A request to a YouTube video downloads the title 14 times and displays it twice

Scaless · on Sept 29, 2020

Let's actually look at where it's being used.

html metadata - once in a <title> tag, once <meta name=title>, another in a <meta property=og:title>, another in a <meta name="twitter:title">. Probably some duplication for compatibility and different platforms.

2 times in <link rel=alternate> tags, for alternate versions of the site.

Actual displayed title below the video.

Suggested playlist mix - twice, one is the html tag 'title' and the other is the tag content.

Once for a title over the top of the video if the player is embedded in an iframe.

Once in a minified blob of javascript.

Basically all of these are ok use cases for duplicating data in the HTML. It's not excessive at all and I would have actually expected much more.

I don't know why the existence of metadata is a shock to the author.

jchw · on Sept 29, 2020

There seems to be some disbelief that it needs to be repeated so many times. I agree though, this seems totally within expectations and I am kind of surprised to see this on HN frontpage. It’d be more interesting if the post did the basic legwork of analyzing each usage, but it does not seem to...

Izkata · on Sept 29, 2020

My assumption upon seeing the title but before reading anything else was along the lines of, "request" means "browse to the video page" and "downloads" refers to separate ajax calls. Something like that would certainly qualify as interesting...

martyvis · on Sept 29, 2020

Exactly. I really thought the blog author was implying there 14 GET requests rather than the title just appearing as a meta data through the page.

CydeWeys · on Sept 29, 2020

Also, we need controls. How many times does the page title appear inside the page in other websites? Is 14 even unusual or is that average? The methodology here is so sloppy, and the result could have been much more interesting.

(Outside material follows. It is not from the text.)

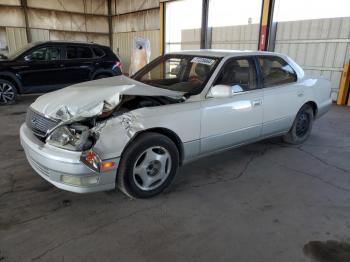  Salvage Lexus LS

judge2020 · on Sept 29, 2020

You can also watch the network then search for the title and nothing shows up (but the network tab does search response bodies, eg. search for 'gapless'), so it really isn't being duplicated more times than it needs to.

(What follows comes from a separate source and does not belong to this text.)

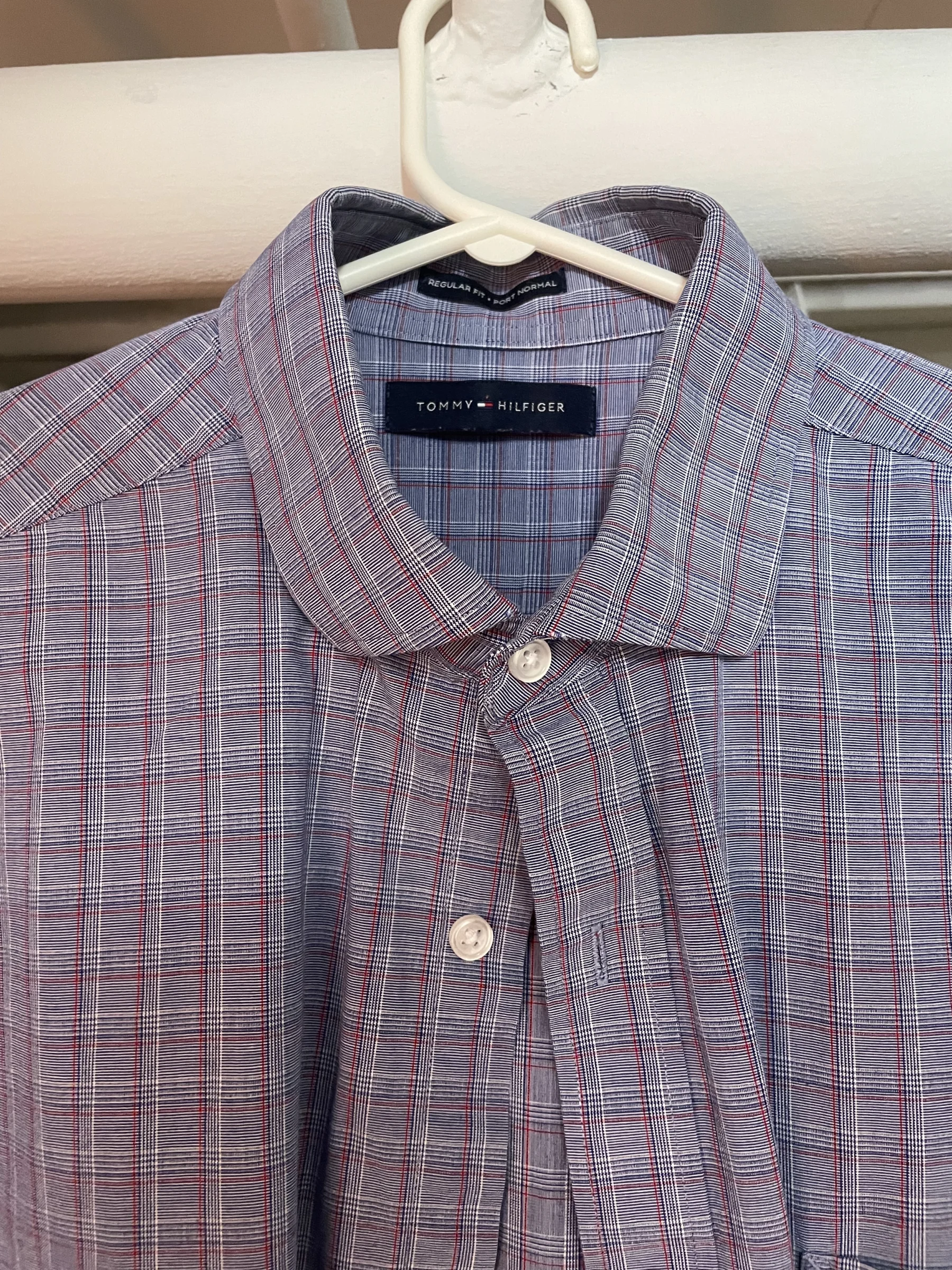 Tommy Hilfiger shirt Tommy Hilfiger seconde main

Jabbles · on Sept 29, 2020

This is the reality of software engineering. Fixing this would probably be a waste of time. Compared to downloading the video content, it doesn't matter at all. And as the article says, repeated content probably compresses extremely well.

An inefficient framework that enables the thousands(?) of engineers at YouTube to reliably design frontends is well worth it.

On the other hand, maybe YouTube's code is a horrible duplicated mess and this is just the result of that. But still, what actual benefit other than aesthetics would you get?

kosievdmerwe · on Sept 29, 2020

Yeah, trying to fix this would be a clear example of "premature optimization".

Youtube isn't some low data use application, where undisplayed HTML is a significant source of wasted capacity. Even if it were, the right answer would probably be some layer between HTML generation and delivery that gets rid of cruft.

Software engineers are really expensive.

foobarian · on Sept 29, 2020

So far the discussion was about the title text being replicated inside the HTML, presumably coming down in a single request. But, I would also not be surprised if redundant service calls occurred to fetch the data; especially when different teams are involved in maintaining a page coupling their designs adds a lot of burden that is probably more costly than just living with a little redundancy.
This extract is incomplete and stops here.